Executing the preceding code gives the mode of the return attribute of the dataset.

Summary

We can also generate basic statistics of a column by executing the following code:

summary(Sampledata$Volume) 

This generates the mean, median, minimum, maximum, Q1, and Q2 quartiles.

Moment

Moment gives the characteristics such as variance, skewness, and so on of the population, which is computed by the following code. The code gives the third order moment of the attribute Volume. Once can change the order to get the relevant characteristics. However before that, we need to install package e1071:

moment(Sampledata$Volume, order=3, center=TRUE) 

Kurtosis

Kurtosis measures whether the data is heavy-tailed or light-tailed relative to a normal distribution. Datasets with high kurtosis tend to have heavy tails, or outliers. Datasets with low kurtosis tend to have light tails, and fewer outliers. The computed value of kurtosis is compared with the kurtosis of normal distribution and the interpretation is made on the basis of that.

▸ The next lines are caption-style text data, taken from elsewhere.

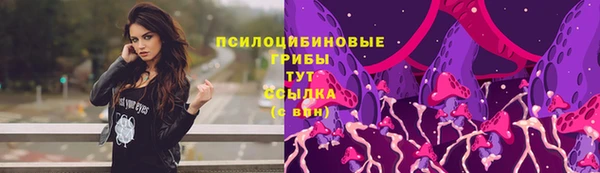 марки lsd Ельня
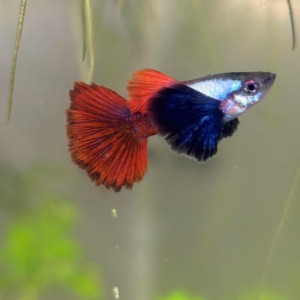Guppy sélection couple  Dumbo red tail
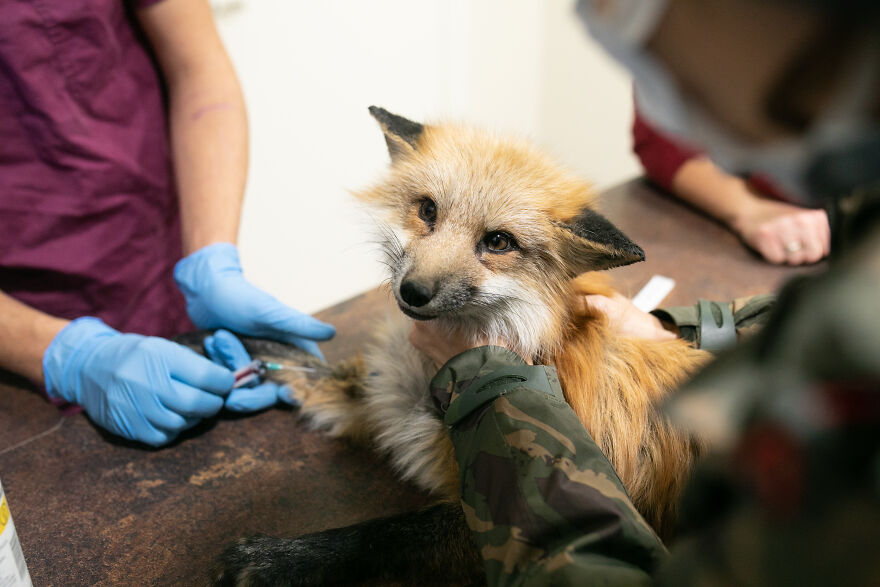 These Starving Animals Were Left To Die On A Fur Farm, Thankfully These Rescuers Saved Them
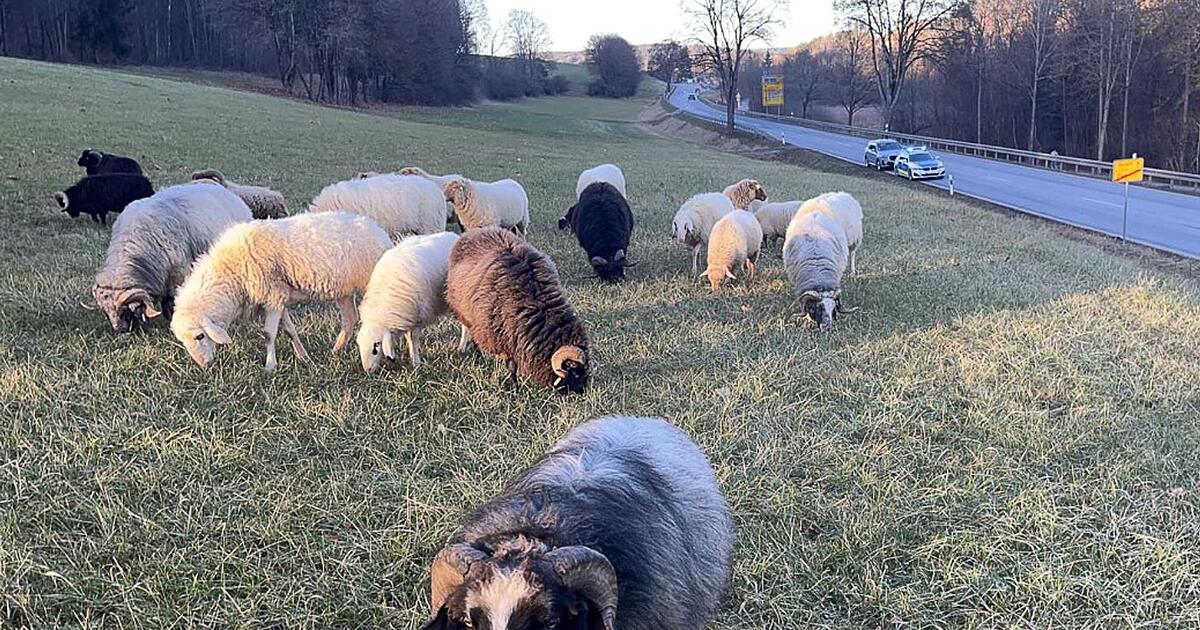 Schafe-auf-Abwegen-Polizei-greift-zum-Besen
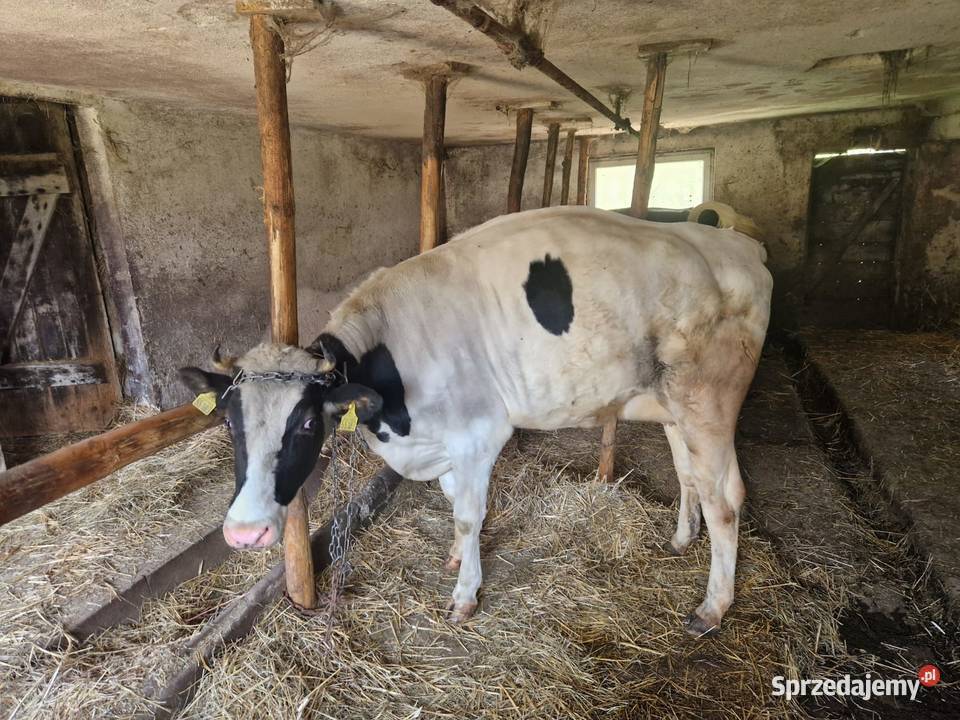 Krowa wysokocielna jałówka Śląsk Cieszyński Hażlach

The kurtosis of Volume is given by the following code:

kurtosis(Sampledata$Volume) 

It gives value 5.777117, which shows the distribution of volume as leptokurtic.

Skewness

Skewness is the measure of symmetry of the distribution. If the mean of data values is less than the median then the distribution is said to be left-skewed and if the mean of the data values is greater than the median, then the distribution is said to be right-skewed.

The skewness of Volume is computed as follows in R:

skewness(Sampledata$Volume) 

This gives the result 1.723744, which means it is right-skewed.

Note

For computing skewness and kurtosis, we need to install the package e1071.